Thursday 13 August 2009

The Labour party

The Labour party


Gordon Brown praises "New Deal"

Article on 10 Downing Street website

My response

Well, Gordon Brown and I obviously disagree about the merits of New Deal, the scheme that provoked me into setting up this blog. As I said in my page Lies, big lies and statistics, I'd like to know how the official unemployment statistics and the number of unemployed people returned to work supposedly as a result of New Deal are worked out.

Gordon Brown would like people to get more and better skills, but if I weren't sidetracked by New Deal and other stupid government ideas detailed in this blog, I'd have more useful skills on my CV. Indeed, I might even have found a proper job already.

During his time as Prime Minister, Gordon Brown looked forward to another ten years in power, but even Labour's strongest supporters couldn't really expect that, though when defeat finally came, it wasn't as heavy as had at one time seemed likely.

Peter Hain boasted about slashing claimant unemployment benefit in half. It's easy to do that by fiddling the official unemployment statistics as I said in my page Lies, big lies and statistics.

Tell me why "New Deal" is good

Maybe somebody, somewhere, can provide me with proof that New Deal is a good policy. Gordon Brown praises New Deal with empty rhetoric. I just don't see what's good about New Deal. Even if some people have benefited from it, I doubt that there are enough to justify its huge cost. I can see that the government has benefited in a cynical way, because every person on a New Deal placement is excluded from the official unemployment statistics, while some of the extra money spent counts as charity donations. Nevertheless, it all seems to be at the expense of schemes that would genuinely help unemployed people return to proper work, such as training schemes suited to those individuals.

The phantom top 50

In February 2008, the Labour party published a list of what it claimed were its top 50 achievements since 1997 but they deleted the page a long time ago.

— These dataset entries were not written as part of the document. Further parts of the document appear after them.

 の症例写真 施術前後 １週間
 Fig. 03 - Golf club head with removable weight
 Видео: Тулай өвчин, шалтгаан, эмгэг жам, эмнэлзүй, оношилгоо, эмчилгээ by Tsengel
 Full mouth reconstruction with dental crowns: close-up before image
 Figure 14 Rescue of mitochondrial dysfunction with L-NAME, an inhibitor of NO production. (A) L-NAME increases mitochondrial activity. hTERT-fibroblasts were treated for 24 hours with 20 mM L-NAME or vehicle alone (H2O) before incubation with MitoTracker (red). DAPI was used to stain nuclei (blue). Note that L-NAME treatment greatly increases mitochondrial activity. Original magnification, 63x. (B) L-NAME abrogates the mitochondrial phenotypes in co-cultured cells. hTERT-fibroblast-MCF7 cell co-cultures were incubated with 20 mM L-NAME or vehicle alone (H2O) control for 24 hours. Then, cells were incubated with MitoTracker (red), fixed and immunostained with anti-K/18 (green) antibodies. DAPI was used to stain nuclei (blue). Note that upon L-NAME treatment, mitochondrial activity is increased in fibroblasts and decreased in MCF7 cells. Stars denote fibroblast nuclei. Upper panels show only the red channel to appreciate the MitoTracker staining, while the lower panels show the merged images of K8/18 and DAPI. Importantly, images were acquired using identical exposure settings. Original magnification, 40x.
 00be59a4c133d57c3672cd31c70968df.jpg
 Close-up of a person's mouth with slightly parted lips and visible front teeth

The Labour party's claim that 1.8 million people returned to work as a result of New Deal was rated 41 out of the 50. I'll just say that I think the list was rubbish, not least because if the Labour party really believed that 1.8 million figure, it would be number 1 on the list, not 41. And if they believed in the list at all, they'd have left it there for eternity. Did they delete the list because of the 2008 banking crisis? I don't know, but the timing suggests that it's a serious possibility. Actually, the list still survives on the Daily Telegraph website. I don't think that list will be deleted. It's priceless.

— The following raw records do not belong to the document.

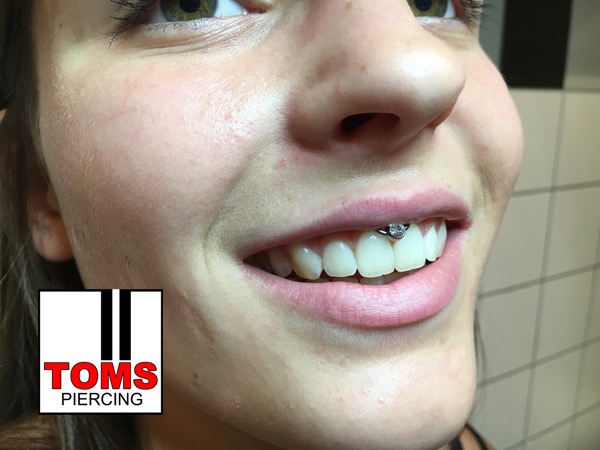 Smileypiercing3.jpg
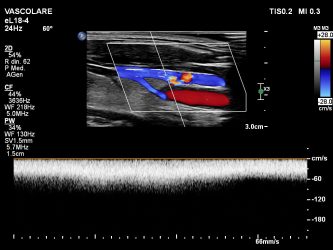 ecocolordoppler venoso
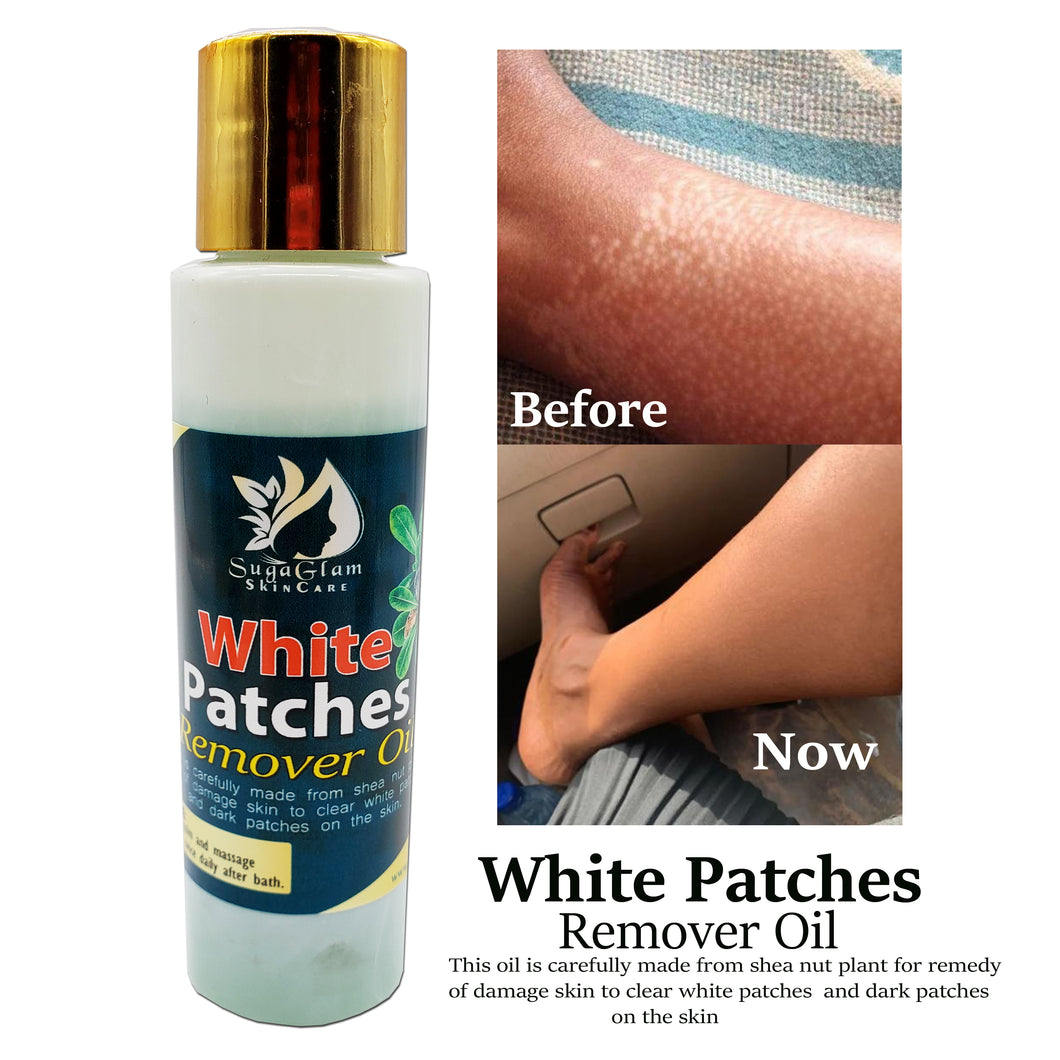 White Patches Remover Oil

A better way must be found

There has to be a better way of solving the unemployment problem. Placements only make sense if they are voluntary and if they genuinely improve the chances of the participants to find proper jobs. In this way, the placement agency would be forced to look for better quality placements to remove the stigma they currently have, so that people would actually want to come back a second time if they remain unemployed.

2010

While I was pleased to see the end of Gordon Brown's government, I wasn't excited by either the new government or the replacement Labour leader. Can they be worse than what they replaced? Don't rule it out.